AUSTIN, Texas — Tesla has finalized the design of its AI5 chip, with CEO Elon Musk confirming in April 2026 that the new silicon has reached tape-out — the last step in chip design before manufacturing begins. The announcement came with a notable strategic clarification: AI5 is not destined for Tesla vehicles.
A Chip Built for Robots and Data Centers
Musk stated plainly that AI4, already deployed in hundreds of thousands of HW4-equipped Teslas, is sufficient to achieve safety performance well beyond human drivers for Full Self-Driving purposes. That leaves AI5 free to target two higher-compute applications: the Optimus humanoid robot and large-scale AI supercomputer clusters.

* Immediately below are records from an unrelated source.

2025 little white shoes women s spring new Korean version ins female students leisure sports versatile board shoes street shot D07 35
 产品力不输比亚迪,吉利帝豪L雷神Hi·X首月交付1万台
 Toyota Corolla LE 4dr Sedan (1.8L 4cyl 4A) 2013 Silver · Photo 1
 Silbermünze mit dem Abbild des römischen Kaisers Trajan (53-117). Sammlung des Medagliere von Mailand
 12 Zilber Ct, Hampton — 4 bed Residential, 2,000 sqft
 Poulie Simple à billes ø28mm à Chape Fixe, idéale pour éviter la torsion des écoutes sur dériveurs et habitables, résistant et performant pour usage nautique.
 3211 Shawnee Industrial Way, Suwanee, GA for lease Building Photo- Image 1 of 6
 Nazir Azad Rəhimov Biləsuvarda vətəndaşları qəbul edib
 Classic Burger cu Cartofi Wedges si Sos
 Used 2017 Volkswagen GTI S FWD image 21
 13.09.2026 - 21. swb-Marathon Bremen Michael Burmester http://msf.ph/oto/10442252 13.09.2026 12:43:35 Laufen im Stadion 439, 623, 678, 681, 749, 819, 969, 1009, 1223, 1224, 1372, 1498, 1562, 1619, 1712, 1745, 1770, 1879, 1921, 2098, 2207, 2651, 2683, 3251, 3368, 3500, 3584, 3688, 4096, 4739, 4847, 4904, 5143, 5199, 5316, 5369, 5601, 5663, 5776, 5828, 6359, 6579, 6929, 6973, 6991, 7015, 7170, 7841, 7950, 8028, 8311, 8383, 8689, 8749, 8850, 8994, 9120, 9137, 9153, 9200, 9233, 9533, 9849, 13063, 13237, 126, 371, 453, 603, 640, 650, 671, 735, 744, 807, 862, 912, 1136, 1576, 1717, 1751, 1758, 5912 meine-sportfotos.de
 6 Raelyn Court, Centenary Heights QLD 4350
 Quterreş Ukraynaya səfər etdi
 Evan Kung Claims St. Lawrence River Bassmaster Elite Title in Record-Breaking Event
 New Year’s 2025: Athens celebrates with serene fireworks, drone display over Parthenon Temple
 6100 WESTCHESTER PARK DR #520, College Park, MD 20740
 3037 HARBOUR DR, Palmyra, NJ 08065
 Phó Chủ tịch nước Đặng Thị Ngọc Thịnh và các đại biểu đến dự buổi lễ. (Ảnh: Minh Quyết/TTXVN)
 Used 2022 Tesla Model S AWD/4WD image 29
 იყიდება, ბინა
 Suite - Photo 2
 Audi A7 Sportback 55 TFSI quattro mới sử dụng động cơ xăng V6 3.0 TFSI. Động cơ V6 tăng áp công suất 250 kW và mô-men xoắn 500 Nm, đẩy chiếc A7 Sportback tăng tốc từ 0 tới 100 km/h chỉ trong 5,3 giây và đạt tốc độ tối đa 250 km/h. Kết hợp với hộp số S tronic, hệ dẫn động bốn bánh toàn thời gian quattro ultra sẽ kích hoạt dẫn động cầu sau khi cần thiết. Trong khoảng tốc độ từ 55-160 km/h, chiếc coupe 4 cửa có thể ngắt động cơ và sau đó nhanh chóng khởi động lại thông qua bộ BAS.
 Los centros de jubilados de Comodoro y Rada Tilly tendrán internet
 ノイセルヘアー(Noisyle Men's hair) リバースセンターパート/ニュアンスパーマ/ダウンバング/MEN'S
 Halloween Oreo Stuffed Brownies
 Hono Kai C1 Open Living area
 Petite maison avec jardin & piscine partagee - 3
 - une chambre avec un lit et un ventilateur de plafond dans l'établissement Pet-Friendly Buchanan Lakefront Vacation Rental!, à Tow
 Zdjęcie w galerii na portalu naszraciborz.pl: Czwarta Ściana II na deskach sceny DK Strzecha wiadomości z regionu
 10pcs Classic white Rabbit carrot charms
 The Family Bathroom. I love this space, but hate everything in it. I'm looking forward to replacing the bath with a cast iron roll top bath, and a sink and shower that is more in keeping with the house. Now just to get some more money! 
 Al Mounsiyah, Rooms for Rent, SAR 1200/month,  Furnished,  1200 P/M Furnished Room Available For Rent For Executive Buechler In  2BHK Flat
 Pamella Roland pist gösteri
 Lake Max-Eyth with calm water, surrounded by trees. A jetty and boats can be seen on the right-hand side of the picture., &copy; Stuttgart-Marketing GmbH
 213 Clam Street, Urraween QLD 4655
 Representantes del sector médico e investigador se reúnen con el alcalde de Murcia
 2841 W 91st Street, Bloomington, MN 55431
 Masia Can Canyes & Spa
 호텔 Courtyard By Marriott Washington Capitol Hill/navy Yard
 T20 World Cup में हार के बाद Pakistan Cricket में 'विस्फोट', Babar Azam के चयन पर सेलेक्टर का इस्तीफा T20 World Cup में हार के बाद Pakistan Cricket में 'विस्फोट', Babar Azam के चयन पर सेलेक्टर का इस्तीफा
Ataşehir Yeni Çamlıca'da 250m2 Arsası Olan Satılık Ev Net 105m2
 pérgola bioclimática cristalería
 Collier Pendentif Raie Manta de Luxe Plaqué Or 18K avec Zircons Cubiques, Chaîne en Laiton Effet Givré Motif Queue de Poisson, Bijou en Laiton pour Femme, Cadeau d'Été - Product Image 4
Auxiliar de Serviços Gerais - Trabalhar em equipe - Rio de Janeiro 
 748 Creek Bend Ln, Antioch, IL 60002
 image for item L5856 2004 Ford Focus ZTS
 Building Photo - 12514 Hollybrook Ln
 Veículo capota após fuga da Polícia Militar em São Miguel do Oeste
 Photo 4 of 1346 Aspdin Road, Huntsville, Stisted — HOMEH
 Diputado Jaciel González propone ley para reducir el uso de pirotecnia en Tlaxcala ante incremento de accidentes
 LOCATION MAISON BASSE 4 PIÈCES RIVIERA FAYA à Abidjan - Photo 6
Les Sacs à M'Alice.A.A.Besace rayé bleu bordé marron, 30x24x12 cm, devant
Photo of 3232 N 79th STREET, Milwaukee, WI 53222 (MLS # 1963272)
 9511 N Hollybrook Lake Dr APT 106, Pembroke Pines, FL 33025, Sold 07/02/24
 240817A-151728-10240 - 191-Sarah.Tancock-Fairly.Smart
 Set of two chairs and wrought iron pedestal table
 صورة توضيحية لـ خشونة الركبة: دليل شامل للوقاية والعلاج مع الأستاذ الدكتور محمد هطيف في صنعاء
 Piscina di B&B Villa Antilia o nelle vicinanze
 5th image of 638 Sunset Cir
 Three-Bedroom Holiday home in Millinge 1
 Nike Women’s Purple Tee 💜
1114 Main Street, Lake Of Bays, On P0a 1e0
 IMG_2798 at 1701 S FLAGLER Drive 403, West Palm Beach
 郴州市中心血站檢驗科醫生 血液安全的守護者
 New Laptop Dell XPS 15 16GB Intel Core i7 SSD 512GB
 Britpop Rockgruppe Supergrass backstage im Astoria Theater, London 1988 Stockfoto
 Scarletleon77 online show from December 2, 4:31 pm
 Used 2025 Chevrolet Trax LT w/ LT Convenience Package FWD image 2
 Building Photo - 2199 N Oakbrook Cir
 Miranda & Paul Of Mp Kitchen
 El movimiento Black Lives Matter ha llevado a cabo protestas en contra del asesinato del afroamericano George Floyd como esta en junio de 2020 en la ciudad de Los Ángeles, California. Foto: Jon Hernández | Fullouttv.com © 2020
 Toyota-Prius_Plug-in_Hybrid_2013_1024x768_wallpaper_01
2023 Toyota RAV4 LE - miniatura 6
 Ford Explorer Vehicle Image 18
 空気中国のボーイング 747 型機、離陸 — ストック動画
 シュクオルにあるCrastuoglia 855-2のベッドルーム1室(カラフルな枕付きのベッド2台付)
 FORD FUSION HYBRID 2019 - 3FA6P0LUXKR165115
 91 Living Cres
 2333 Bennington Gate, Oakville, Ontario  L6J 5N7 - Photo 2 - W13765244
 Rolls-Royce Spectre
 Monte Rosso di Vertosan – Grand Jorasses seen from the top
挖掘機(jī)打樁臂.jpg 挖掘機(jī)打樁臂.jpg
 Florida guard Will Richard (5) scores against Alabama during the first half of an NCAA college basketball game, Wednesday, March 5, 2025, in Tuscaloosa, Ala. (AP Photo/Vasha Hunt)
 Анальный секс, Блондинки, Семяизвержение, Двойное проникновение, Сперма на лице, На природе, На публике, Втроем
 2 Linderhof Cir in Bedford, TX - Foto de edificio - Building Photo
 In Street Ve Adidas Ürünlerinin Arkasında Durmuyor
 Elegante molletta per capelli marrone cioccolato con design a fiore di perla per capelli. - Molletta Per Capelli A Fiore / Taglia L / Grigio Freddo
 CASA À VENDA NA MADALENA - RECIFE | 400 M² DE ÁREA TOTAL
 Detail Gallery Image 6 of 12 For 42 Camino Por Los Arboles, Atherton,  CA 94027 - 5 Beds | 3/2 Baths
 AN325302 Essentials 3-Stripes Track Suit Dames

The decision reflects a calculated allocation of resources. Tesla has long emphasized software-hardware co-design — squeezing maximum efficiency from each generation of silicon. With AI4 handling the driving task, the company avoids costly fleet-wide hardware upgrades while redirecting next-generation compute toward areas where raw processing power translates directly into new capabilities.
TSMC and Samsung as Production Partners
Musk thanked both TSMC and Samsung for their support in bringing AI5 to production, and suggested the chip could become one of the most widely manufactured AI chips ever built. That projection reflects Tesla's scale ambitions for Optimus — the company is targeting annual production of up to 10 million robots once its dedicated Giga Texas factory reaches full capacity.